#### BRIEF
From the listing below, reproduce exactly the lines starting with the one with "We'd love to" and going on through the one with "We have another", both ends kept. No picture is copied.
- Opening Delimiter -
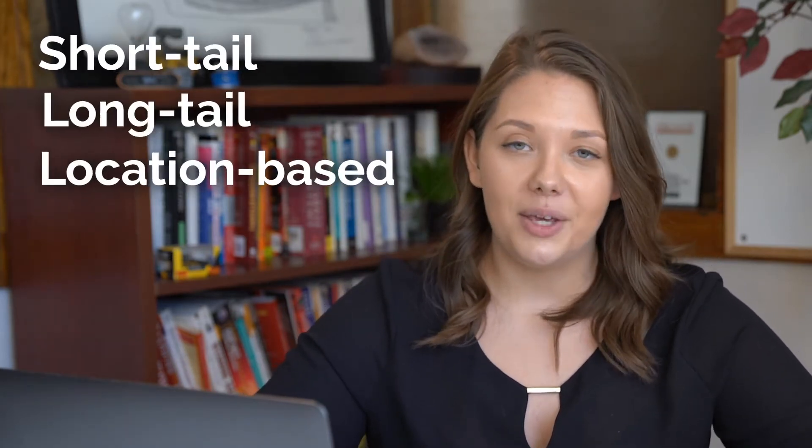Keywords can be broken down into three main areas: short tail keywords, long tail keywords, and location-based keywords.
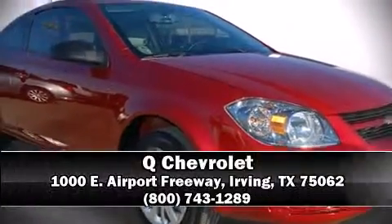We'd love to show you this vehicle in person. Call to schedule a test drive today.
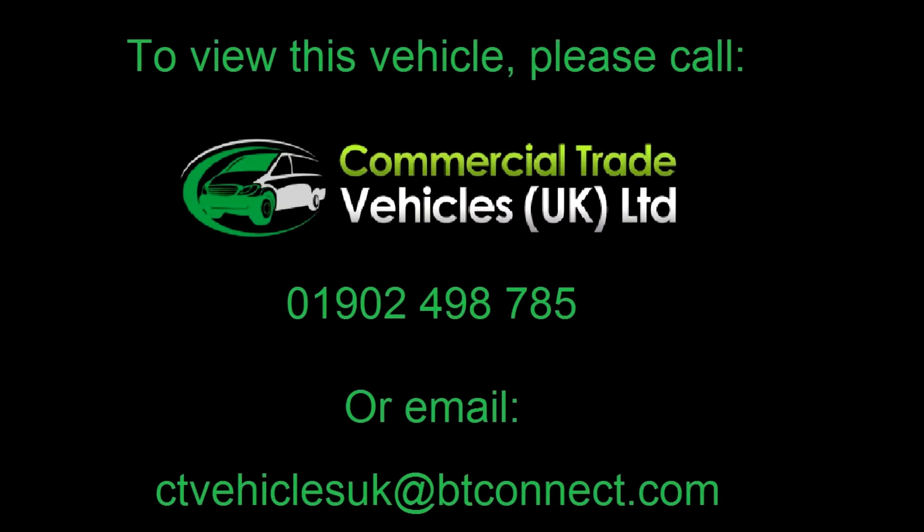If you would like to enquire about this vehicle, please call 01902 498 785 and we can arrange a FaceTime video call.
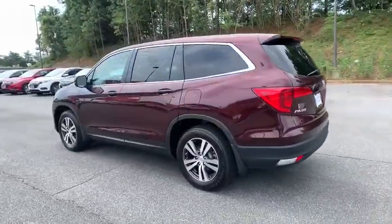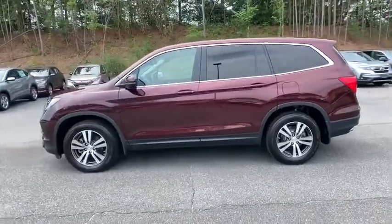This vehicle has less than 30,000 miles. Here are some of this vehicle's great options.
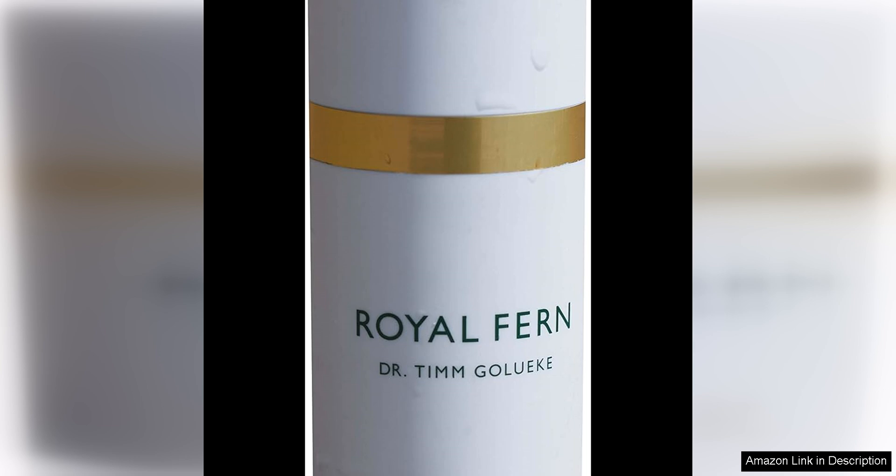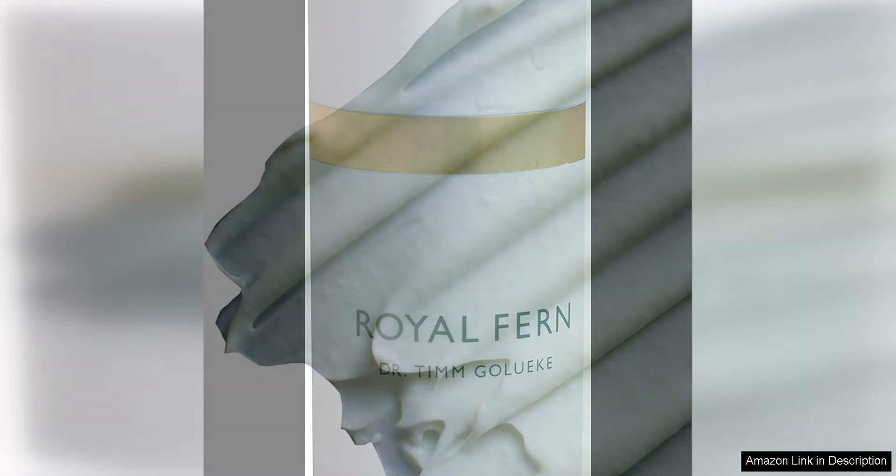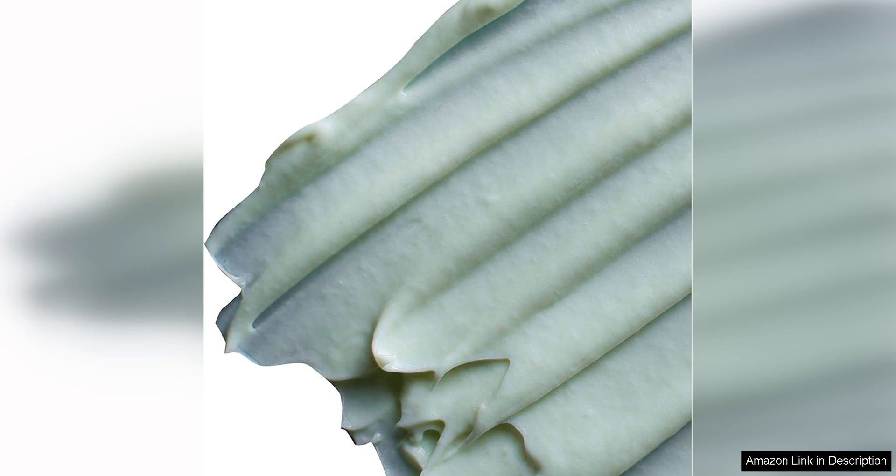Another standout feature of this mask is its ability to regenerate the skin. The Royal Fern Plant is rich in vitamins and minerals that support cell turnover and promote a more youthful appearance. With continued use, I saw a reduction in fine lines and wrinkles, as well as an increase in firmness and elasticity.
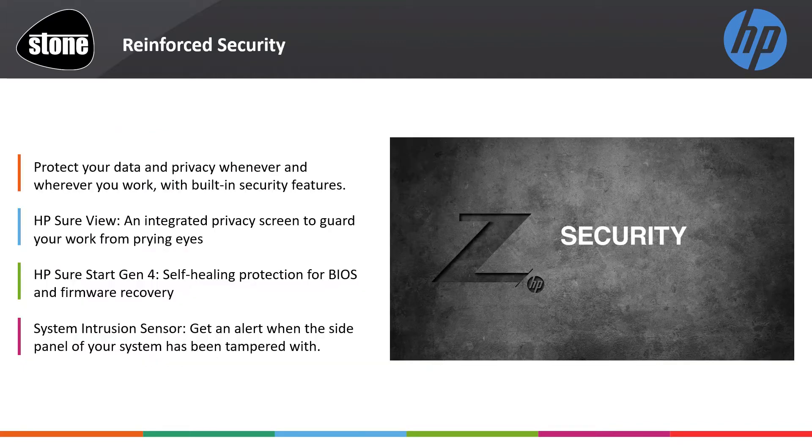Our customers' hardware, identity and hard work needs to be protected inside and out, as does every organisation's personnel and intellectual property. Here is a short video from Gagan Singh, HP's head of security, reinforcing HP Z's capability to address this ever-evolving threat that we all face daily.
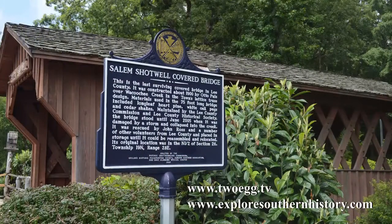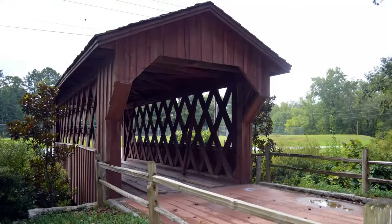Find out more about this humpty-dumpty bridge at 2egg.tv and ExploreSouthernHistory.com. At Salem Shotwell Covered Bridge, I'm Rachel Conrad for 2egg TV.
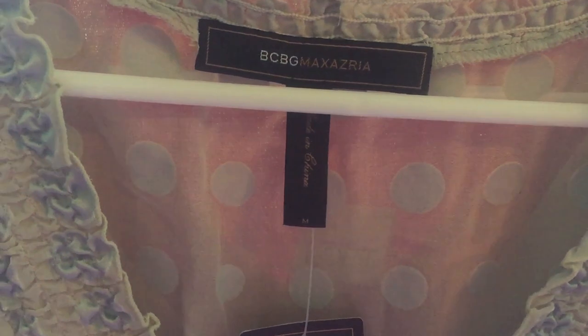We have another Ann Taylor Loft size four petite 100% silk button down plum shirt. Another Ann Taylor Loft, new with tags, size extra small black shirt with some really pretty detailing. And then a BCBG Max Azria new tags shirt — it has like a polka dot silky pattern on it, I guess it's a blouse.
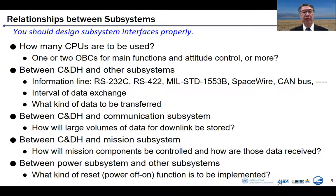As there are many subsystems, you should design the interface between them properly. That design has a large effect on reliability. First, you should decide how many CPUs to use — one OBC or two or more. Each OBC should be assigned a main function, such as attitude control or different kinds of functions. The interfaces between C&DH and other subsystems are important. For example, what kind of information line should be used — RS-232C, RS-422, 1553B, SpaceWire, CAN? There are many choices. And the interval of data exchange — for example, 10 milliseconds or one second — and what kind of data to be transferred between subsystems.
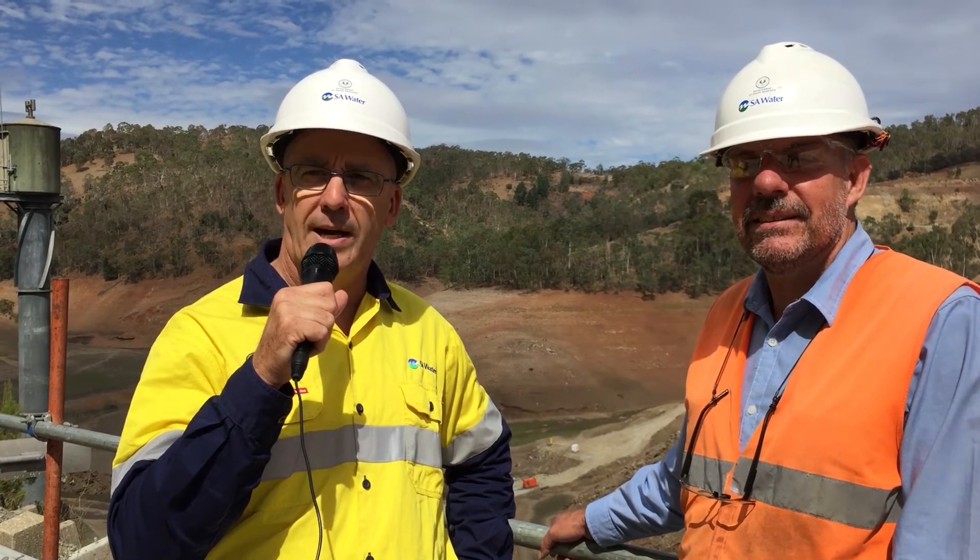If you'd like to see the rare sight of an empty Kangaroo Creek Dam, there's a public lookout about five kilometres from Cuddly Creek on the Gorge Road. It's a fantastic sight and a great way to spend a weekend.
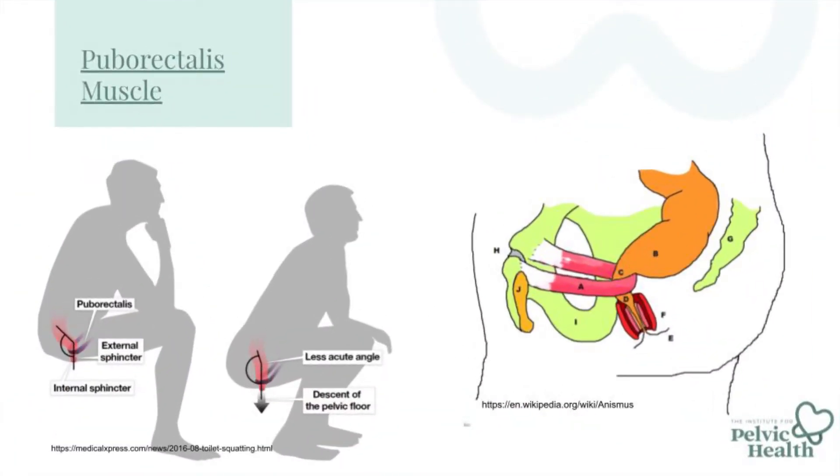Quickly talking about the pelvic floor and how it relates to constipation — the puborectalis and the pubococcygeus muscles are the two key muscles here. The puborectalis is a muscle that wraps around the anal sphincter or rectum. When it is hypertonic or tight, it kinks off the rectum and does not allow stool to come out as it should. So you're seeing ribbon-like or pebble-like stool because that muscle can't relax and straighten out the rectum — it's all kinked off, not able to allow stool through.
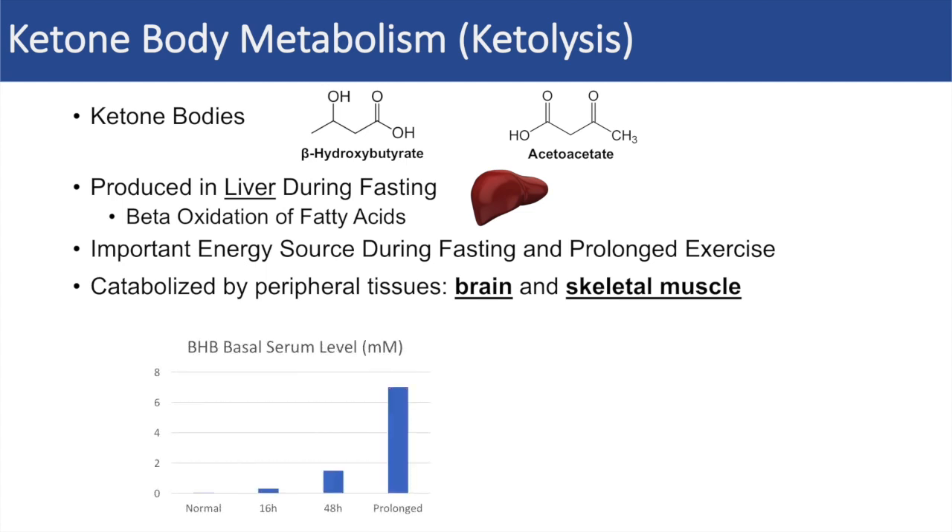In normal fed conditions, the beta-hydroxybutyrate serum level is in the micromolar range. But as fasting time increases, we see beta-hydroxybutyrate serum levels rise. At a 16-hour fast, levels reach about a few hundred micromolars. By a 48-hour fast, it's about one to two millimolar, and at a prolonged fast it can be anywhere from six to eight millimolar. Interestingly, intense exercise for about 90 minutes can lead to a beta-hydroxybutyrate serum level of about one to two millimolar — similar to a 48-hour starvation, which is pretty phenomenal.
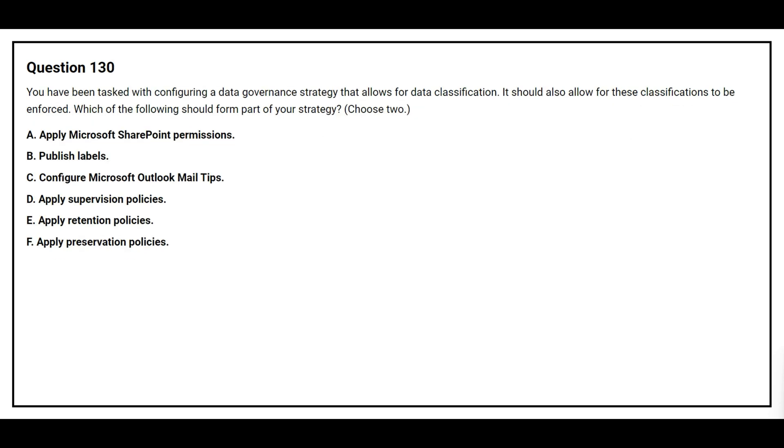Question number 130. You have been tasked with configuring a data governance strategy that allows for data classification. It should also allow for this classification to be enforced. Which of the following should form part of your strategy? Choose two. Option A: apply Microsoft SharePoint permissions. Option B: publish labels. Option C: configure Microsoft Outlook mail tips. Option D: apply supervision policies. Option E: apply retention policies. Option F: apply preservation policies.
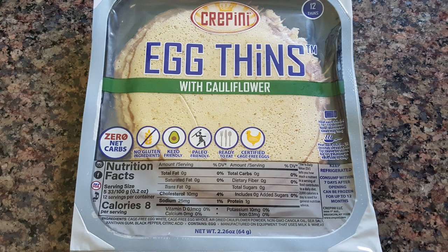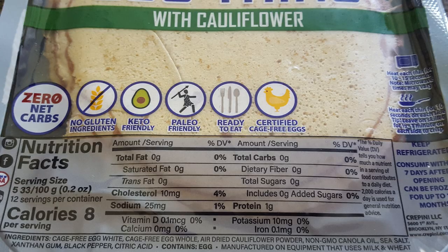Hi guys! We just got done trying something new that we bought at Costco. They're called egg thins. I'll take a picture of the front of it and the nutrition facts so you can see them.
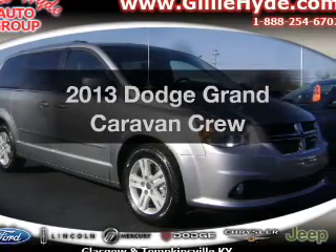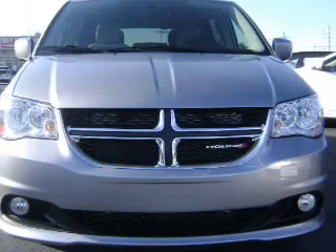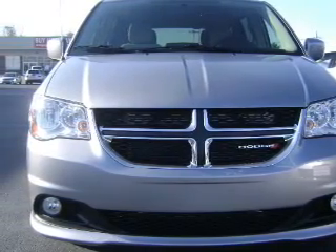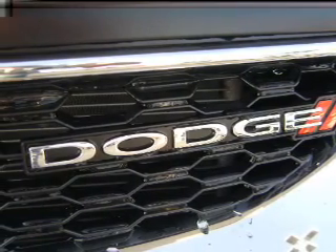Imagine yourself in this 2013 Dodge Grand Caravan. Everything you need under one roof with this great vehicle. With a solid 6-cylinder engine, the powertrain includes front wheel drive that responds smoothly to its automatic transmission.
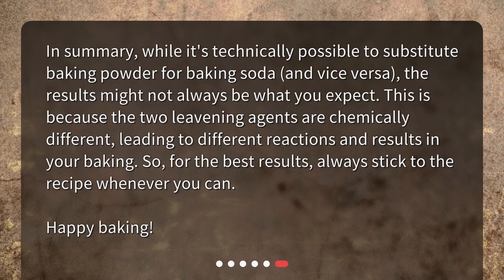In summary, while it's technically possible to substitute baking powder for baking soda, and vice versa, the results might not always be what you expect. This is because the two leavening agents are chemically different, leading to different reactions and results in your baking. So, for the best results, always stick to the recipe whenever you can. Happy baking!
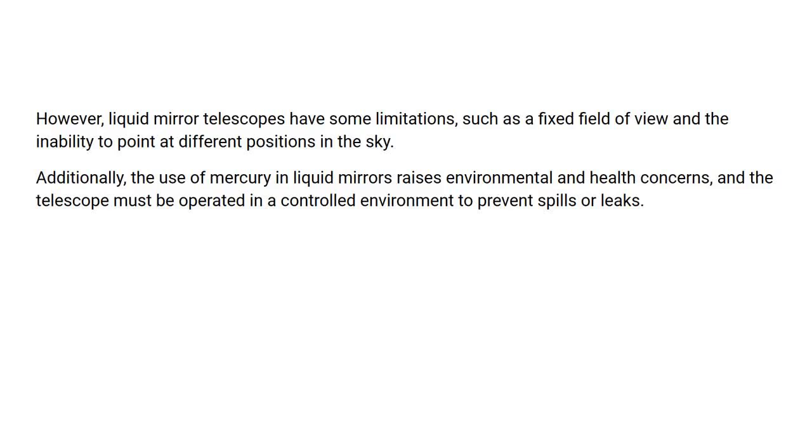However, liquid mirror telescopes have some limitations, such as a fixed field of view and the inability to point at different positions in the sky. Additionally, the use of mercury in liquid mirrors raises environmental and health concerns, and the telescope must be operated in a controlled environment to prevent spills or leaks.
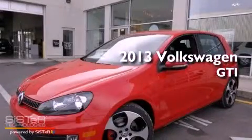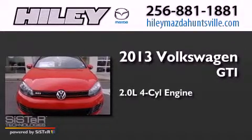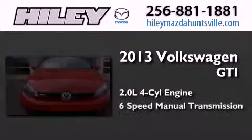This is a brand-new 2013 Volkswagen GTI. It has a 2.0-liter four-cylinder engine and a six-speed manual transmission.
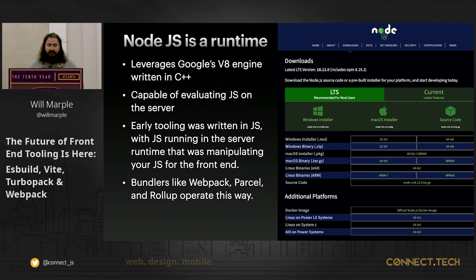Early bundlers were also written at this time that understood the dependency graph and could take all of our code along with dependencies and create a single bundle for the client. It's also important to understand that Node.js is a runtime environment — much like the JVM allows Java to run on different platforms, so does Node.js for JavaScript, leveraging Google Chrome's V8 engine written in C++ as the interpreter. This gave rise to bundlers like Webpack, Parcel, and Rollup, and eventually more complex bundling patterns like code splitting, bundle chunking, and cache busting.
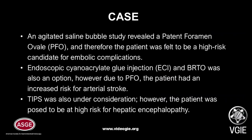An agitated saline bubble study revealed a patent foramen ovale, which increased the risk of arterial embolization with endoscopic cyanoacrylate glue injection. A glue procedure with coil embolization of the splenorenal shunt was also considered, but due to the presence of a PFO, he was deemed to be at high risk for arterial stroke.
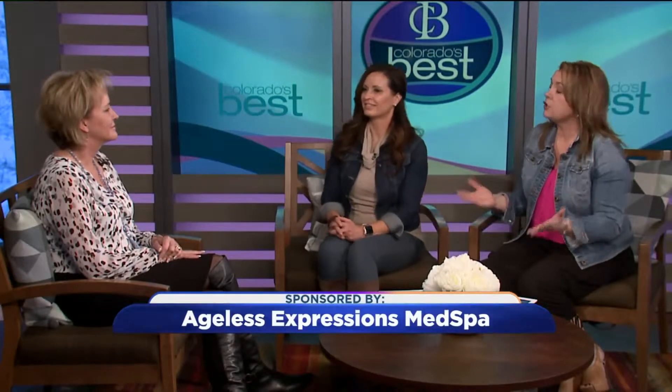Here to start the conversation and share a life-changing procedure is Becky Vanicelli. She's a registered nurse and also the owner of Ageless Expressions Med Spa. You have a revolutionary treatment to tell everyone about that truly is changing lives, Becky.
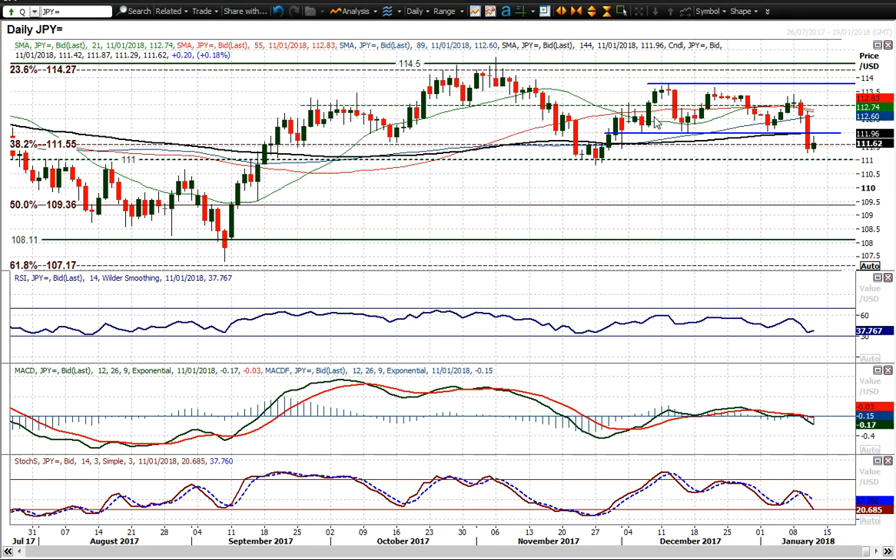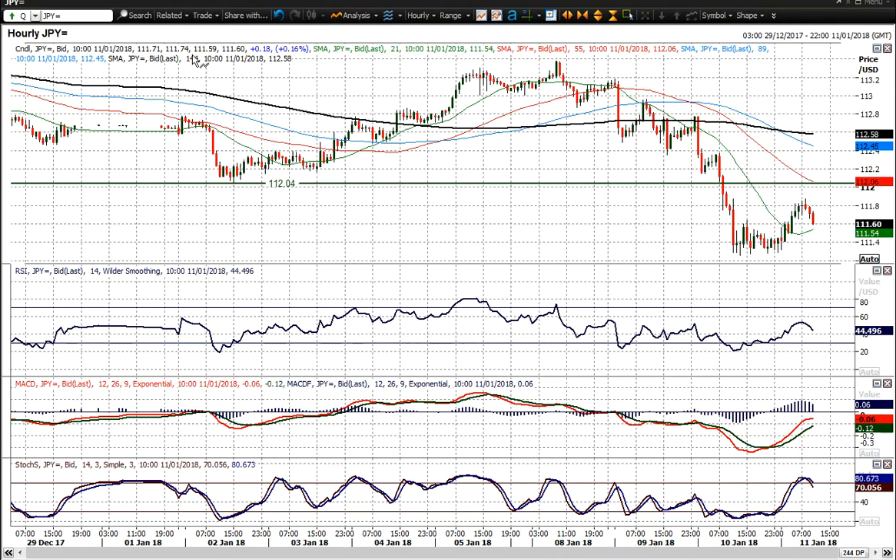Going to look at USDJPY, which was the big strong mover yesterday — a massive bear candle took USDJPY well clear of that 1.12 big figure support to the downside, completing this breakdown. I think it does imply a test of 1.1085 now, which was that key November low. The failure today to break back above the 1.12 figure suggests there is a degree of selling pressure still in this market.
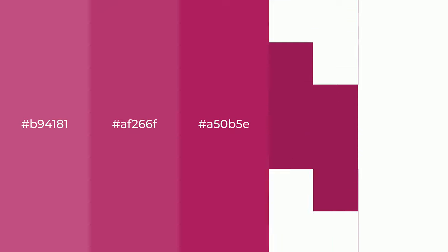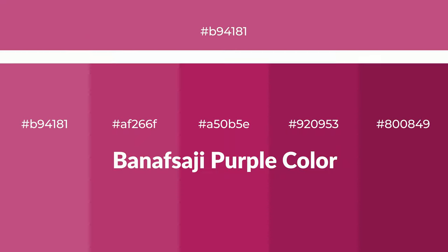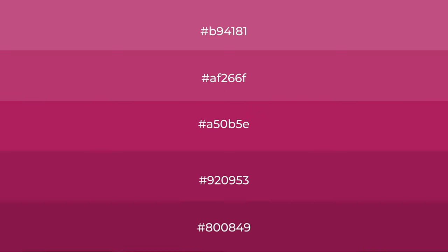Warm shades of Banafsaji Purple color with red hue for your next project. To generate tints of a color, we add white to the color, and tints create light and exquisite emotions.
- Closing Delimiter -
#### ANSWER SPACE
We'd love to show you this vehicle in person. Call to schedule a test drive today.
If you would like to enquire about this vehicle, please call 01902 498 785 and we can arrange a FaceTime video call.
This vehicle has less than 30,000 miles. Here are some of this vehicle's great options.
Another standout feature of this mask is its ability to regenerate the skin. The Royal Fern Plant is rich in vitamins and minerals that support cell turnover and promote a more youthful appearance. With continued use, I saw a reduction in fine lines and wrinkles, as well as an increase in firmness and elasticity.
Our customers' hardware, identity and hard work needs to be protected inside and out, as does every organisation's personnel and intellectual property. Here is a short video from Gagan Singh, HP's head of security, reinforcing HP Z's capability to address this ever-evolving threat that we all face daily.
Find out more about this humpty-dumpty bridge at 2egg.tv and ExploreSouthernHistory.com. At Salem Shotwell Covered Bridge, I'm Rachel Conrad for 2egg TV.
We have another Ann Taylor Loft size four petite 100% silk button down plum shirt. Another Ann Taylor Loft, new with tags, size extra small black shirt with some really pretty detailing. And then a BCBG Max Azria new tags shirt — it has like a polka dot silky pattern on it, I guess it's a blouse.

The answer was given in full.